[Short web captions]
↓

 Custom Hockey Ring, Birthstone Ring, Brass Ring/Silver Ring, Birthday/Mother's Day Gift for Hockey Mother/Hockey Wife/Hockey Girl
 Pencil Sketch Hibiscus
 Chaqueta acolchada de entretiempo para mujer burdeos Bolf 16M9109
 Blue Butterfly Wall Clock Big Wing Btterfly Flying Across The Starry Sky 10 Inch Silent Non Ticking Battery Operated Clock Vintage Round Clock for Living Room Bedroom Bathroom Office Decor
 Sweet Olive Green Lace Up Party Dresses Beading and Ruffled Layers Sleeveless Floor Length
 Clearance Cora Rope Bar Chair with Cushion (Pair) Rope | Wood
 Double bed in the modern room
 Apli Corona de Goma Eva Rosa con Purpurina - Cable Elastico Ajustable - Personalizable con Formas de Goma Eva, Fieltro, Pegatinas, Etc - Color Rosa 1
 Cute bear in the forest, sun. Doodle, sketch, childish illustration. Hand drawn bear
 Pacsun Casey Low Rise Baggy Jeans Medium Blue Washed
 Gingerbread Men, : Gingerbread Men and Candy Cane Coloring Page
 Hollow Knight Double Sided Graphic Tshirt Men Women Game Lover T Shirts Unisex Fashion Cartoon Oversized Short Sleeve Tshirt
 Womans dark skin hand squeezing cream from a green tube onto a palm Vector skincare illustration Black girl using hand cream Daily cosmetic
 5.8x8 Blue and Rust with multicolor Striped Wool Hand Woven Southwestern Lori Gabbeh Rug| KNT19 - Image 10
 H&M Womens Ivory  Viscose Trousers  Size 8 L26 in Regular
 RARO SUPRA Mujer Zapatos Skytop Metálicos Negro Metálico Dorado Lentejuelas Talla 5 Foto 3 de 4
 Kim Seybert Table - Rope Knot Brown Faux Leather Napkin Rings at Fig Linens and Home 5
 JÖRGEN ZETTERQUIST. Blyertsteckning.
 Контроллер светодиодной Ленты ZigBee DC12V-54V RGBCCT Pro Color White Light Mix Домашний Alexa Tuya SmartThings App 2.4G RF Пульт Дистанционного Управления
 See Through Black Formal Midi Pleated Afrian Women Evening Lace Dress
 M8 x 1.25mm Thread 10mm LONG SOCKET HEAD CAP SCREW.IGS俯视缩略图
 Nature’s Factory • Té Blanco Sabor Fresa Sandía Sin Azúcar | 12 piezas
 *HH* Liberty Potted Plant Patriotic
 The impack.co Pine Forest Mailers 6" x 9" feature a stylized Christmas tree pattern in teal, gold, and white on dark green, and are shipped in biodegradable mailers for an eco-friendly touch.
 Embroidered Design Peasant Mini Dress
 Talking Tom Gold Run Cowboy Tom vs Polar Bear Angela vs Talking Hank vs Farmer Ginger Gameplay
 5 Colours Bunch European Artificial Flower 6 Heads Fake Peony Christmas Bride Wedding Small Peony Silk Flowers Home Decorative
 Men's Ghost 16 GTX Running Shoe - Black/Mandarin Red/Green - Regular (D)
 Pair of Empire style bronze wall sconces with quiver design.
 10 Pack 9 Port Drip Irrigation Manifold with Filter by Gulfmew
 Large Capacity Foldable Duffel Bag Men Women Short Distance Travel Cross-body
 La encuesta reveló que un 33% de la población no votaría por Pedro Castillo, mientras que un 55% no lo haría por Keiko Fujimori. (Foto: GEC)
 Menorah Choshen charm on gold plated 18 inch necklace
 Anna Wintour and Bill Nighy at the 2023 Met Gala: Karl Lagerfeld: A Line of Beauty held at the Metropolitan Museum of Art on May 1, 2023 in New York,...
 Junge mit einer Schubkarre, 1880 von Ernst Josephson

↑

(TASK DESCRIPTION) What is needed is every line from the beginning of the data up to and including the line with "Chaqueta acolchada de", given again word for word.

(SOLUTION TO THE EXERCISE)
 Custom Hockey Ring, Birthstone Ring, Brass Ring/Silver Ring, Birthday/Mother's Day Gift for Hockey Mother/Hockey Wife/Hockey Girl
 Pencil Sketch Hibiscus
 Chaqueta acolchada de entretiempo para mujer burdeos Bolf 16M9109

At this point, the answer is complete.